>>>>>

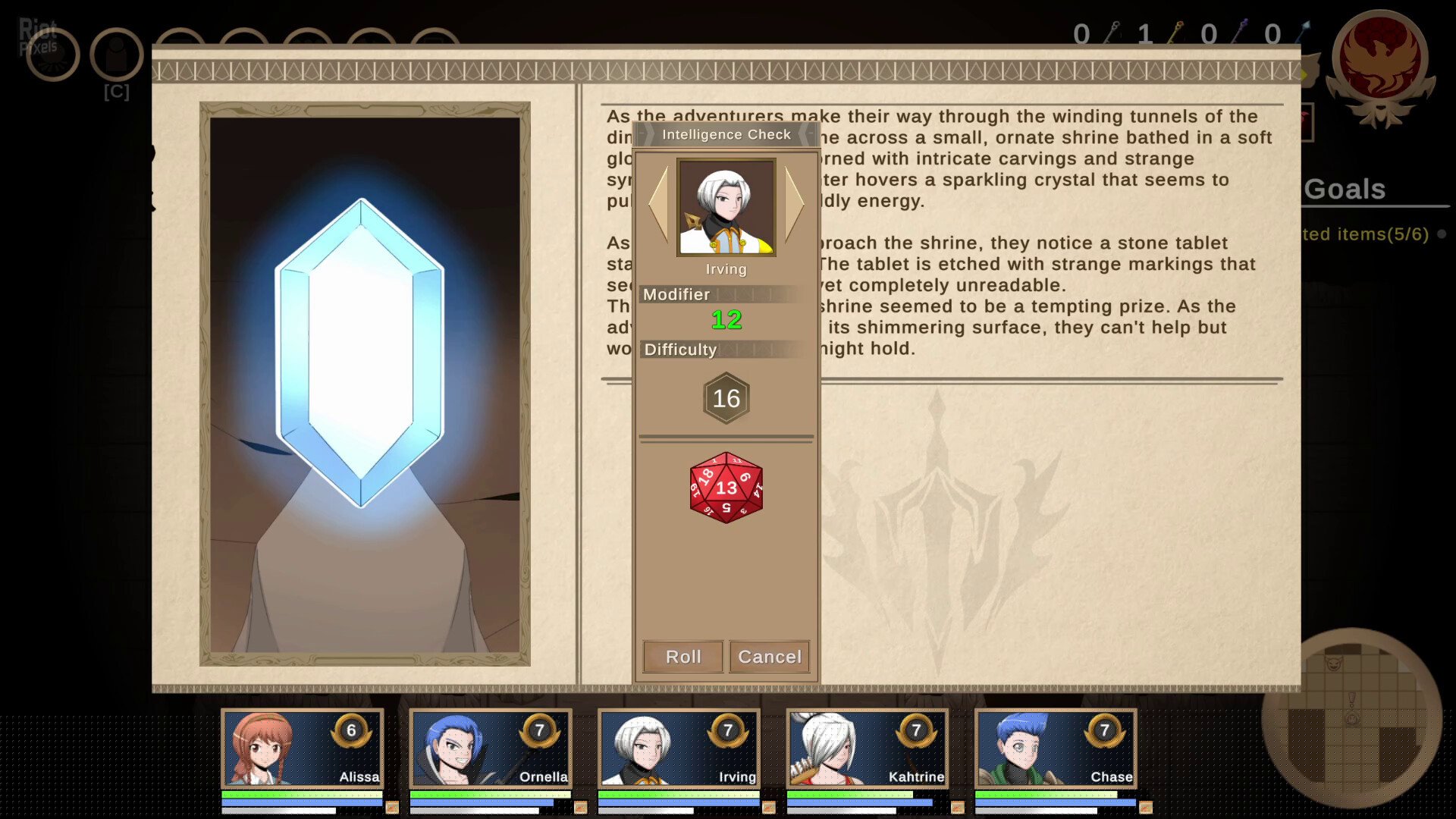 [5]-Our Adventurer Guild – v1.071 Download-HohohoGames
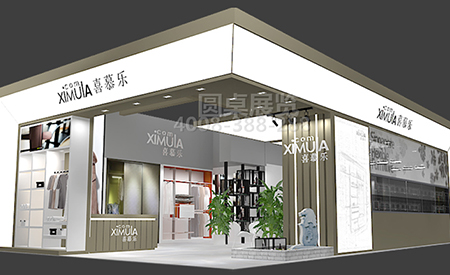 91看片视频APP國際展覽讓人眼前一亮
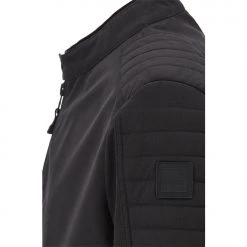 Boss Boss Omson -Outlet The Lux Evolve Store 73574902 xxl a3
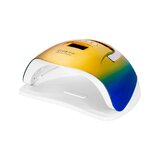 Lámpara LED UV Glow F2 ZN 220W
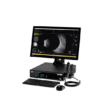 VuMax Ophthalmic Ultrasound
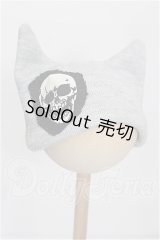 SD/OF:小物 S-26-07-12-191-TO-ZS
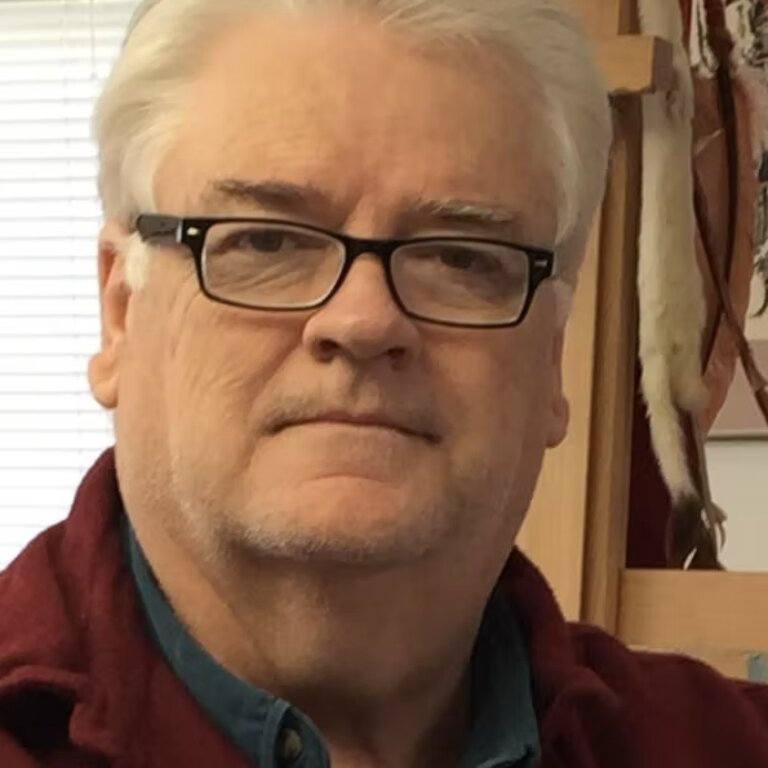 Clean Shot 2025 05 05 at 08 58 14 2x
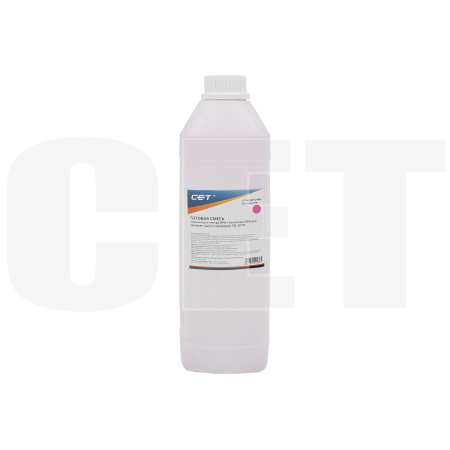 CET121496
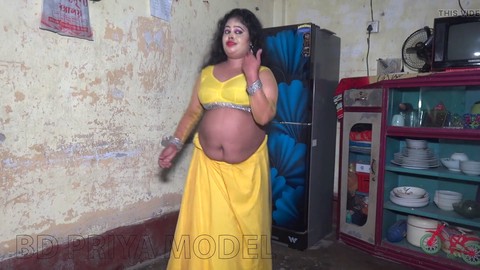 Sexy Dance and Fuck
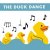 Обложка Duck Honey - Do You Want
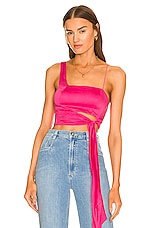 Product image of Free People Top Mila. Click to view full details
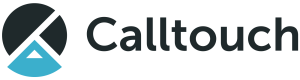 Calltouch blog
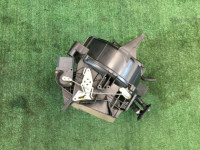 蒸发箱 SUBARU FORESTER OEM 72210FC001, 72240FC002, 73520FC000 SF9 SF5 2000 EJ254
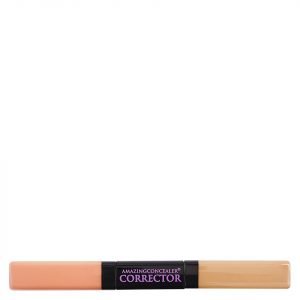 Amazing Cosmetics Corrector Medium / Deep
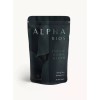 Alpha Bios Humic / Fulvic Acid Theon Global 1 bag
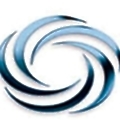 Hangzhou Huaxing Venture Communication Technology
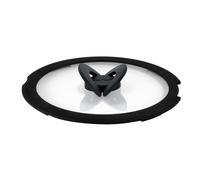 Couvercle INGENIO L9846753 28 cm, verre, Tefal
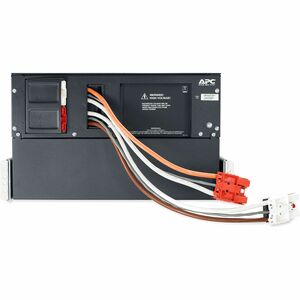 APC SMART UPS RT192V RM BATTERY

<<<<<
>>>>>

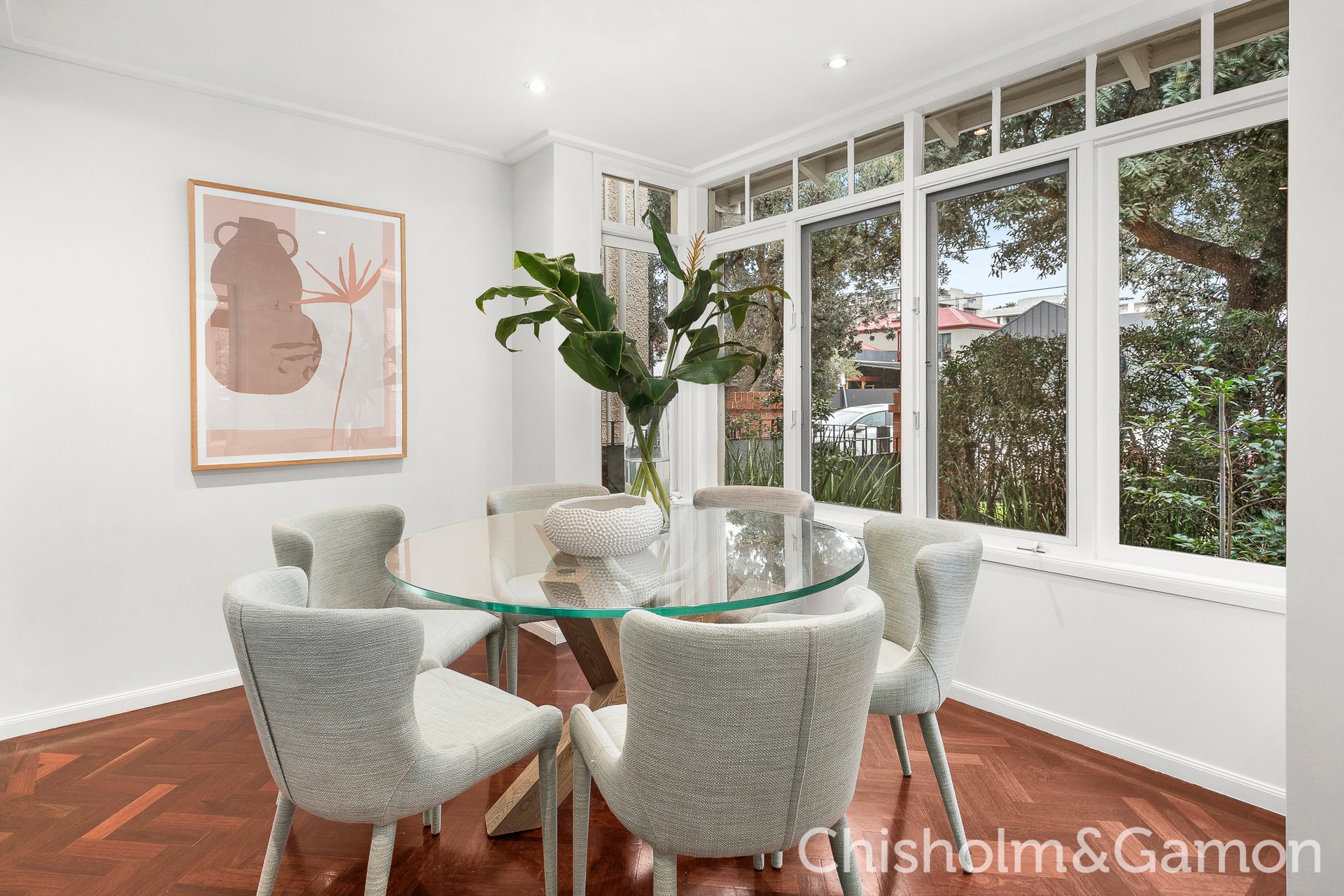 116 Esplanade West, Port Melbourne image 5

<<<<<

Beginning at the line above that contains "Alpha Bios Humic", repeat each line exactly through the one that contains "APC SMART UPS RT192V RM BATTERY", and leave out the pictures.

**RESPONSE TO THE TASK:**
 Alpha Bios Humic / Fulvic Acid Theon Global 1 bag
 Hangzhou Huaxing Venture Communication Technology
 Couvercle INGENIO L9846753 28 cm, verre, Tefal
 APC SMART UPS RT192V RM BATTERY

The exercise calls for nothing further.